**INSTRUCTIONS FOR THE TASK**.
Exactly the lines starting at the line containing "Hello everyone, this" and ending at the line containing "We now have" are to be written out from the listing below, both included.

**RECORD SET**.
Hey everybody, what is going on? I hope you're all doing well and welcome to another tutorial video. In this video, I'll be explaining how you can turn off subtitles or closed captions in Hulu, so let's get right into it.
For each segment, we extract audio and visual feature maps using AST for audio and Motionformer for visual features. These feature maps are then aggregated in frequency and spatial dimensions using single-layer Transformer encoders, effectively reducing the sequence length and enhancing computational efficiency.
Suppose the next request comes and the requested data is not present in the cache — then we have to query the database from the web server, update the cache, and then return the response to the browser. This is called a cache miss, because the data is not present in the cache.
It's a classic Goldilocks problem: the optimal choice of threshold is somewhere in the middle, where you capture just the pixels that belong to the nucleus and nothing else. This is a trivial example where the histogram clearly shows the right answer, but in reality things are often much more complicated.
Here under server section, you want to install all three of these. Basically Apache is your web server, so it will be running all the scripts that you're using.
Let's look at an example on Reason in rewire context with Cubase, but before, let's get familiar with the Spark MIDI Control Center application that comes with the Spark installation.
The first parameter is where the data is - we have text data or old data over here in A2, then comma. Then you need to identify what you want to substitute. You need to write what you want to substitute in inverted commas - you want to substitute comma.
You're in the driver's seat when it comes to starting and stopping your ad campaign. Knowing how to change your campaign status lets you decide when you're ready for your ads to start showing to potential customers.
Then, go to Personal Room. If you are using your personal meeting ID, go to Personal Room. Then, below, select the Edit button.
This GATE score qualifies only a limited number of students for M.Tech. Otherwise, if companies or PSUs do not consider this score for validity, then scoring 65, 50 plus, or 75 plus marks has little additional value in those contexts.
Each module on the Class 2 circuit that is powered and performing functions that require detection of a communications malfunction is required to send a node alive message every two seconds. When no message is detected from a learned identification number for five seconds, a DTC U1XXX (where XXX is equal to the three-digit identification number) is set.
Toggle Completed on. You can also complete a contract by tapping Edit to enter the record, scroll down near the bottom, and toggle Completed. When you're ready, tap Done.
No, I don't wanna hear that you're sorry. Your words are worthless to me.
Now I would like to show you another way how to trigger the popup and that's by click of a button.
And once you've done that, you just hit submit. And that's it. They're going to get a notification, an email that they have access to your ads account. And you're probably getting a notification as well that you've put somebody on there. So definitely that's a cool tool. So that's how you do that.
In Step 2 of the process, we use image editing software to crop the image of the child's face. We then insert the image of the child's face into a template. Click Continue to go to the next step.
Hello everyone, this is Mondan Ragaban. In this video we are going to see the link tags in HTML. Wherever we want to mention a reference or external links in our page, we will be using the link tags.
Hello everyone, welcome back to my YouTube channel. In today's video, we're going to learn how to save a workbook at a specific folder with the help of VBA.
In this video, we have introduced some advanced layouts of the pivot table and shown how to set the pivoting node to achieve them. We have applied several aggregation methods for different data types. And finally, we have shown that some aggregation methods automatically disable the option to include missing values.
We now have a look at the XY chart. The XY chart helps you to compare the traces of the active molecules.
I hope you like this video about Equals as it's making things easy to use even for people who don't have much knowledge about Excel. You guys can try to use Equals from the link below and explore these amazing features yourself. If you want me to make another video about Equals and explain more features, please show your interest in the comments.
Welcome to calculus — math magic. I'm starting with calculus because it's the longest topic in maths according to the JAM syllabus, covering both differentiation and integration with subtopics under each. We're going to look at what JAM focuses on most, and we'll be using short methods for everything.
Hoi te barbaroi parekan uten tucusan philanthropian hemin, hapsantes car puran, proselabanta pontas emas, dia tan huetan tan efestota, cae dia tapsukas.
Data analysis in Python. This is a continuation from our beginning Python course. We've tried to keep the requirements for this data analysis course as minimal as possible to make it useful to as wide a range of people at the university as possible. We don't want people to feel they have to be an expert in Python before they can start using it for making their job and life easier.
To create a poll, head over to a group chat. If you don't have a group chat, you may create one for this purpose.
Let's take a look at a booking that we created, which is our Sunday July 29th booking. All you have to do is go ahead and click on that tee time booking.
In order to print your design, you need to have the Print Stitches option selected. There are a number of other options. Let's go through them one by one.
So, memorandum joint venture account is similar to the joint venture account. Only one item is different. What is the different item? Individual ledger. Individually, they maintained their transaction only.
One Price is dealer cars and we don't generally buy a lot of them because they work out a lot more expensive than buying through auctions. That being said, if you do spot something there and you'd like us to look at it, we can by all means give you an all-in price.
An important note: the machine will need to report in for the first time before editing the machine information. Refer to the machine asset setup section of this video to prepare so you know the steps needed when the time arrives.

**YOUR RESPONSE**.
Hello everyone, this is Mondan Ragaban. In this video we are going to see the link tags in HTML. Wherever we want to mention a reference or external links in our page, we will be using the link tags.
Hello everyone, welcome back to my YouTube channel. In today's video, we're going to learn how to save a workbook at a specific folder with the help of VBA.
In this video, we have introduced some advanced layouts of the pivot table and shown how to set the pivoting node to achieve them. We have applied several aggregation methods for different data types. And finally, we have shown that some aggregation methods automatically disable the option to include missing values.
We now have a look at the XY chart. The XY chart helps you to compare the traces of the active molecules.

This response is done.